Show that T preserves scalar multiplication - Linear Transformations

[NewtonianAlch]

Homework Statement

Let T:ℝ^{2}→ℝ be defined by
T\left(\begin{array}{c} x_{1} \\x_{2}\end{array}\right) = (0 if x_{2} = 0. \frac{x^{3}_{1}}{x^{2}_{2}} otherwise.)

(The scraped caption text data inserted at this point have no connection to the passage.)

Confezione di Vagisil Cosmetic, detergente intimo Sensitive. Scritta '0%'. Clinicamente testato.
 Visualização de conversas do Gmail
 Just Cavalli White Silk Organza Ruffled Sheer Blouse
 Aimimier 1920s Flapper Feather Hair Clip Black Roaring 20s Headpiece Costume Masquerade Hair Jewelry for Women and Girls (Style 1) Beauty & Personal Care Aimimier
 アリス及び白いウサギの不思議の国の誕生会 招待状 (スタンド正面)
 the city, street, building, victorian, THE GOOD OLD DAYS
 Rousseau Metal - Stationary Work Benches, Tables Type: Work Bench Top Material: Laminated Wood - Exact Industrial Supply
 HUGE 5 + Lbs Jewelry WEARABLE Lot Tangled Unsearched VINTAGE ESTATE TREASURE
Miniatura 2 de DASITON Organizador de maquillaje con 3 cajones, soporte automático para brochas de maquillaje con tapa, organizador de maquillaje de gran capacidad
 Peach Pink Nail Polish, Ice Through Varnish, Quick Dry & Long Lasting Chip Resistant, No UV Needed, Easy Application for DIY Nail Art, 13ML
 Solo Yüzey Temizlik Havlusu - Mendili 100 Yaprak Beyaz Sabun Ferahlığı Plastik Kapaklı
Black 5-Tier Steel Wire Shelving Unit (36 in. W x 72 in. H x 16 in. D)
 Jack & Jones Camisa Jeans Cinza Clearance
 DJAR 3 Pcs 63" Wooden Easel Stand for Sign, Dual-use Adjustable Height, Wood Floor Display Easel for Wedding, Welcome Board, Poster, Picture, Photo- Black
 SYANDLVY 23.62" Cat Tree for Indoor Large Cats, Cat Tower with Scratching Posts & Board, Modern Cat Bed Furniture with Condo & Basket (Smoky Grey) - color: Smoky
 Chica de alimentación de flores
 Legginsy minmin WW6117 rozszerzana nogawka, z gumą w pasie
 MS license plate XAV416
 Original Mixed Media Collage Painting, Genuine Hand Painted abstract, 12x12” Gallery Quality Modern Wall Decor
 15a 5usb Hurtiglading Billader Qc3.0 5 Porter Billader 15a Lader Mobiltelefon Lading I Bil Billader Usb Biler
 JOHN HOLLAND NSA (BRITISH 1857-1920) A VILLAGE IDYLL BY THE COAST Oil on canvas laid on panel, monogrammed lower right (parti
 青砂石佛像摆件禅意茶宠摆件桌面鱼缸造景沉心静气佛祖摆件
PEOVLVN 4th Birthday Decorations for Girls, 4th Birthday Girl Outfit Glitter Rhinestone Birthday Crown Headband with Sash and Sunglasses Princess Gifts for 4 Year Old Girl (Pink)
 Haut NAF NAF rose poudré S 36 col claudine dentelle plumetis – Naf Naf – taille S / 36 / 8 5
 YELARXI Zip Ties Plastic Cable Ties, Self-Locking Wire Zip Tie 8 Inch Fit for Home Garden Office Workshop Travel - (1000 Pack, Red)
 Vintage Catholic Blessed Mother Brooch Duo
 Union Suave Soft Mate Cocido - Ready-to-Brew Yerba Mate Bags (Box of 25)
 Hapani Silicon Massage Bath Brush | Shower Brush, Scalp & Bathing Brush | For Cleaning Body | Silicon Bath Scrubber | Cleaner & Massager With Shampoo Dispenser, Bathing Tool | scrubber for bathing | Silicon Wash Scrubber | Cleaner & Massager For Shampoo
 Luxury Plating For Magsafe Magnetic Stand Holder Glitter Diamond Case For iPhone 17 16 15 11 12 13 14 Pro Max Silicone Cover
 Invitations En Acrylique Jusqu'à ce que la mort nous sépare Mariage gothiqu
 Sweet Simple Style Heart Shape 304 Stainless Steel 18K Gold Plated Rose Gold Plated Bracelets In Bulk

Show that T preserves scalar multiplication, i.e T(λx) = λT(x) for all λ \in ℝ and all x \in ℝ^{2}

The Attempt at a Solution

T(λx) = T\left(\begin{array}{c} (λx_{1}) \\(λx_{2})\end{array}\right) = (λ0 = 0 if x_{2} = 0, or \frac{(λx_{1})^{3}}{(λx_{2})^{2}})
= λT\left(\begin{array}{c} x_{1} \\x_{2}\end{array}\right) = λ0 = 0 if x_{2} = 0, or
λ*\left(\begin{array}{c} (x_{1})^{3} \\(x_{2})^{2}\end{array}\right)

Is that a correct proof?

It's a bit hard to read because whenever I try to put a vector, it puts it into a new line.

 

[HallsofIvy]

It's putting new lines wherever you try to put a vector because you are putting "bits and pieces" inside [ tex ] tags. Don't do that. Put entire equations inside [ tex ] tags.

Also do "x_2= 0" and "x_2\ne 0" separately. You have "x_2= 0" in two different places which makes it hard to read.

If x_2= 0, then \lambda x_2= 0 for any \lambda so T(\lambda x)= 0= \lambda T(x).

If x_2\ne 0, then \lambda x_2\ne 0 for any \lambda except \lambda= 0 so you should do two separate cases, \lambda= 0 and \lambda\ne 0, here.